(Task goal): The expected output is the line with "صفقة الأهلي الجديدة" followed by every remaining line of the entries, all repeated exactly.

** Opening Data supplied block **

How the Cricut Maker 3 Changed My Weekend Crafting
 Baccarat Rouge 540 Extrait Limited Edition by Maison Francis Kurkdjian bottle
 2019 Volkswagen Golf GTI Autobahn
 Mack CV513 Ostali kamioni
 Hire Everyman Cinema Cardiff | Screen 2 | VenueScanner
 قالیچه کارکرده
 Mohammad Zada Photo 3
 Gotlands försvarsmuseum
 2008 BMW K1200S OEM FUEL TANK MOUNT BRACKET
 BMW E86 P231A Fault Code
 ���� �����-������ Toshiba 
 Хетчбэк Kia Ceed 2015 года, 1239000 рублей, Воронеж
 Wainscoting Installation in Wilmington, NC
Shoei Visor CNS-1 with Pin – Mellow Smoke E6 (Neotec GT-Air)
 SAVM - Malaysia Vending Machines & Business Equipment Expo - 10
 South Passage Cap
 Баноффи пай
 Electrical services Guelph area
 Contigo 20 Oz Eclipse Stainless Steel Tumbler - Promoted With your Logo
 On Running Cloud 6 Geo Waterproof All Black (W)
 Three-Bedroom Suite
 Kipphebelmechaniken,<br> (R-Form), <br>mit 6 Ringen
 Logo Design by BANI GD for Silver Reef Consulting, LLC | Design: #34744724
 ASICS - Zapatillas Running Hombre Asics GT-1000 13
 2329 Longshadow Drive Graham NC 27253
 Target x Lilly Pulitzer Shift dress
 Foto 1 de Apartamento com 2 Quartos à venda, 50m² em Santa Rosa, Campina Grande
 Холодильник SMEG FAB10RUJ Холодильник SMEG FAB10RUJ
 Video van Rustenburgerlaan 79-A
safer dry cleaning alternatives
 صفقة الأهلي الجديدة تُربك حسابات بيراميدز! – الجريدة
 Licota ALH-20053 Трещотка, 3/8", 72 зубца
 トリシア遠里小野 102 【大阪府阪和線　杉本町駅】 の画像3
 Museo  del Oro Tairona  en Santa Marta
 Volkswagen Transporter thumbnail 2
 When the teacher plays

** Closing Data supplied block **

(Solution to this task):
 صفقة الأهلي الجديدة تُربك حسابات بيراميدز! – الجريدة
 Licota ALH-20053 Трещотка, 3/8", 72 зубца
 トリシア遠里小野 102 【大阪府阪和線　杉本町駅】 の画像3
 Museo  del Oro Tairona  en Santa Marta
 Volkswagen Transporter thumbnail 2
 When the teacher plays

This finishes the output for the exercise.